* **EXERCISE BRIEF**
Print verbatim every line starting at the one that contains "临汾银屑病诊所 临汾银屑病诊所有哪些" and ending at the final line of the records; include both endpoints.

[SOURCE RECORDS Boundary: Start]

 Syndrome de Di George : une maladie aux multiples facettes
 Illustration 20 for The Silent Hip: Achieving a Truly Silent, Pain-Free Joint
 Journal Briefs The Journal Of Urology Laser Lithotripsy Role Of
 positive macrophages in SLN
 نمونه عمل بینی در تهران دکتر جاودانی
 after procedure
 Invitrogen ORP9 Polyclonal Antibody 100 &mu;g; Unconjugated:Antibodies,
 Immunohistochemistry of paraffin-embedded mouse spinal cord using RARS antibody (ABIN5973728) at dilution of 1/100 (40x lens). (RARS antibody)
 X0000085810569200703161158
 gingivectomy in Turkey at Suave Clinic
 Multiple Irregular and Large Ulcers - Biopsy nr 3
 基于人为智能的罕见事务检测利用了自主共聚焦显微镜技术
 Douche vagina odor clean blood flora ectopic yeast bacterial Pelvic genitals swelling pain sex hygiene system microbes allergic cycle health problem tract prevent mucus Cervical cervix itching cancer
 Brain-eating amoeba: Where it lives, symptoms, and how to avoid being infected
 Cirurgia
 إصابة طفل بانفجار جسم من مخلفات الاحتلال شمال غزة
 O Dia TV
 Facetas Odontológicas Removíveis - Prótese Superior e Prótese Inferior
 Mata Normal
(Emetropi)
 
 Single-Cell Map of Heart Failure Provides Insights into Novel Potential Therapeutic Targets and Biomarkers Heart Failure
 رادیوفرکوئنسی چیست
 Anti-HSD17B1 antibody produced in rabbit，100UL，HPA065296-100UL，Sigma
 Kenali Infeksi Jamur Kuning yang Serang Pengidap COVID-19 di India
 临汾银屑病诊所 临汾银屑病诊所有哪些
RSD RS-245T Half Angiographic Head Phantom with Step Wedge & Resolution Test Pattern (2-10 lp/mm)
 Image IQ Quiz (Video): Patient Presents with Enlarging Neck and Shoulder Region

[SOURCE RECORDS Boundary: End]

* **RESULT OF THE EXERCISE**
 临汾银屑病诊所 临汾银屑病诊所有哪些
RSD RS-245T Half Angiographic Head Phantom with Step Wedge & Resolution Test Pattern (2-10 lp/mm)
 Image IQ Quiz (Video): Patient Presents with Enlarging Neck and Shoulder Region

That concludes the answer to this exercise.